El título encaja perfecto con el caso del padre Javier Giraldo y de otros defensores de derechos humanos en Colombia.
Los defensores de derechos humanos dicen que el grado de impunidad en el país no justifica estas investigaciones contra activistas.
Giraldo, un sacerdote jesuita que dirige una de las bases de datos más completas sobre violaciones a derechos humanos en este país, fue citado por un fiscal de Bogotá para que responda en indagatoria por presuntos delitos de injuria, calumnia y falsa denuncia.
En febrero pasado, la organización estadounidense Human Rights First publicó un informe según el cual la Fiscalía colombiana desarrolla 32 investigaciones "infundadas" contra defensores de derechos humanos, en lo que llamó "acoso judicial".
"Es un sistema de justicia penal destacado por sus niveles de impunidad. La tenacidad de los fiscales colombianos que persiguen casos en contra de los defensores de derechos humanos es impresionante", asegura el informe.
Pero en declaraciones a BBC Mundo, la oficina del Fiscal General de Colombia rechazó esos señalamientos.
El proceso contra Giraldo comenzó por una denuncia penal instaurada por un coronel del Ejército, después de que Giraldo fue una de las primeras voces que puso al descubierto una terrible masacre.
Un crimen atroz
Se trata de lo ocurrido en San José de Apartadó, una "comunidad de paz" situada en el conflictivo Golfo de Urabá, en el noroeste de Colombia, donde ocho personas, entre ellas tres menores de edad, fueron asesinadas el 21 de febrero de 2005.
El crimen causó un gran impacto nacional e internacional, pues los tres niños -entre ellos uno que tenía un año de edad - fueron degollados y los cuerpos de los cinco adultos aparecieron descuartizados.
Hasta ahora, la Fiscalía colombiana ha acusado a 10 militares por su participación en esos hechos, en los que también procesa a algunos miembros de grupos paramilitares que actúan en el norte de Colombia.
Giraldo, quien trabaja para el Centro de Investigación y Educación Popular (CINEP), está molesto con la Fiscalía y anticipa que no se presentará a la indagatoria.
Según él, la Fiscalía no respeta el debido proceso y, además, se considera "víctima" de un tráfico de "testimonios mercantilizados", que pretenden vincularle con grupos guerrilleros.
Preocupación
El director del CINEP, Mauricio García, no ocultó su preocupación y señaló que la denuncia contra Giraldo fue puesta "por quien ejercía el mando operacional de la Operación Fénix, en desarrollo de la cual paramilitares e integrantes de la Brigada 17 ejecutaron a ocho personas".
García rechazó lo que considera "constantes señalamientos y montajes judiciales" contra defensores de derechos humanos y desestimó las acusaciones según las cuales el CINEP es sesgado en sus informes sobre derechos humanos.

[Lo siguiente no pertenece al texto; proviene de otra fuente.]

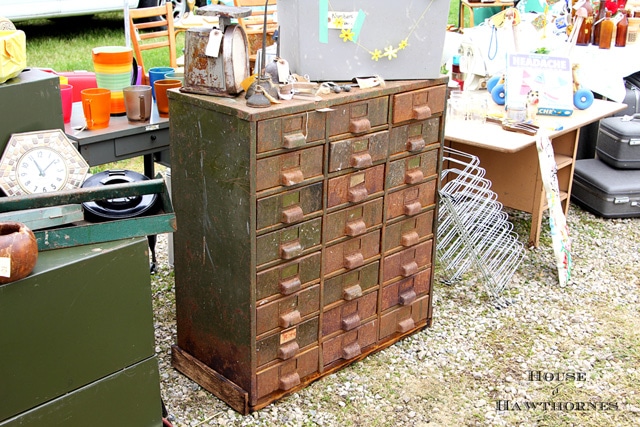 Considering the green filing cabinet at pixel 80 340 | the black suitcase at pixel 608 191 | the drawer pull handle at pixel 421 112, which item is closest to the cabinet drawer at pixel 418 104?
the drawer pull handle at pixel 421 112

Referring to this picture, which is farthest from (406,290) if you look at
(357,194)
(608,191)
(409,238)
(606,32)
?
(606,32)

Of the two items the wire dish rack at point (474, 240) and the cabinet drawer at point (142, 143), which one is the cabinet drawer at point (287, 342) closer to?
the wire dish rack at point (474, 240)

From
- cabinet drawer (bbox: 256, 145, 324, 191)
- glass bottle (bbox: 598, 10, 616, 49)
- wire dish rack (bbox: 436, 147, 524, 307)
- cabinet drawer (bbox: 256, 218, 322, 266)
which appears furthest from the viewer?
glass bottle (bbox: 598, 10, 616, 49)

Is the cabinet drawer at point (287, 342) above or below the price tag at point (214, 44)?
below

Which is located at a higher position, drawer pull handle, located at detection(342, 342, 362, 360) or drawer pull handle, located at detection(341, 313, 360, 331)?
drawer pull handle, located at detection(341, 313, 360, 331)

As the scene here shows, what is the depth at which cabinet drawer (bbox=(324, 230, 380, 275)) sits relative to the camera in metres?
3.31

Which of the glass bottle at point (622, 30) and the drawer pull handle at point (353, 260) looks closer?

"A mucha gente se le olvida, por ejemplo, que según nuestro banco de datos la guerrilla de las FARC (Fuerzas Armadas Revolucionarias de Colombia) ocupó el primer lugar en cuanto a infracciones al Derecho Internacional Humanitario en 2002, uno de los años en que la confrontación armada ha sido más intensa", señaló.

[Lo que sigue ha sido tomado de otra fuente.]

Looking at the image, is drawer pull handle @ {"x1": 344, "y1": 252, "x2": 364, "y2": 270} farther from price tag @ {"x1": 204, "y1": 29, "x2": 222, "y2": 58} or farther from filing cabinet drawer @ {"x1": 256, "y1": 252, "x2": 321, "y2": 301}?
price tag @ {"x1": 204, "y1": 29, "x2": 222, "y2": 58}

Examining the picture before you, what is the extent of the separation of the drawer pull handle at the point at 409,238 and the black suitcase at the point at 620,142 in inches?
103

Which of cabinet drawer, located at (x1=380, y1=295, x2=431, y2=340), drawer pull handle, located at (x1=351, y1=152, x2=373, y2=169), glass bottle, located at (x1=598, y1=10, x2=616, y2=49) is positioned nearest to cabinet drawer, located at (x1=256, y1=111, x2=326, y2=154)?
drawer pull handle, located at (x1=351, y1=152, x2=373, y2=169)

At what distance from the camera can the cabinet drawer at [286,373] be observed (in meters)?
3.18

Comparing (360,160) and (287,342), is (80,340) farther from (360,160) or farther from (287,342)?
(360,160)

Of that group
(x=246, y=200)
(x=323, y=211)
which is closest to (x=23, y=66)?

Por su parte, Jorge Molano, abogado defensor de derechos humanos, dijo a BBC Mundo que llama la atención que la Fiscalía "no haya vinculado a la investigación por la masacre al coronel que puso la denuncia contra Giraldo, pero, en cambio, sí haya citado a indagatoria al padre por falsa denuncia".
"Yo creo que la finalidad es, por un lado, encubrir y, por otro, promover la impunidad", se quejó Molano.

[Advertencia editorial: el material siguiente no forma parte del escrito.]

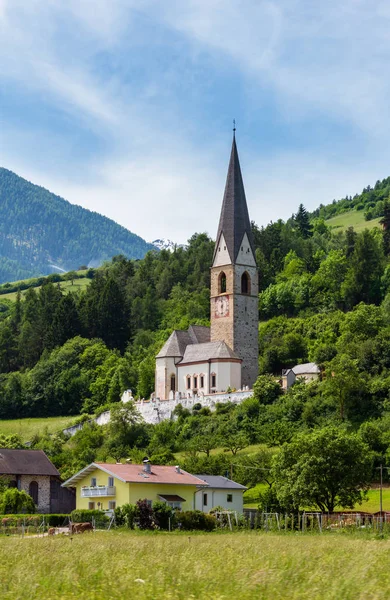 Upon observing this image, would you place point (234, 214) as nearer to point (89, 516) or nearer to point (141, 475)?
point (141, 475)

La misma denuncia contra Giraldo fue puesta en contra del abogado Elkin Ramírez, director de la Corporación Jurídica Libertad, una organización con sede en Medellín, y contra un ex defensor del Pueblo de la zona de Urabá.
"Respeto por las ONG"
BBC Mundo contactó con la oficina el Fiscal General de Colombia, Mario Iguarán, para indagar por las denuncias de Giraldo y del informe de Human Rights First.
El vocero de prensa de la entidad, Rodrigo Barrera, declaró que "el fiscal Iguarán respeta a las organizaciones no gubernamentales, ONG".
"El hecho de que existan investigaciones contra algunos miembros de ONG no puede interpretarse como un acoso judicial contra defensores de derechos humanos", dijo Barrera, hablando a nombre de Iguarán.
Pero a Mauricio García le preocupan las consecuencias que puedan tener las acusaciones contra los defensores.
"En ese contexto es muy posible pasar de las amenazas a las muertes", advirtió.
Según la Comisión Colombiana de Juristas, en 2008 fueron asesinados al menos 11 defensores de derechos humanos en Colombia y otros más fueron "detenidos arbitrariamente".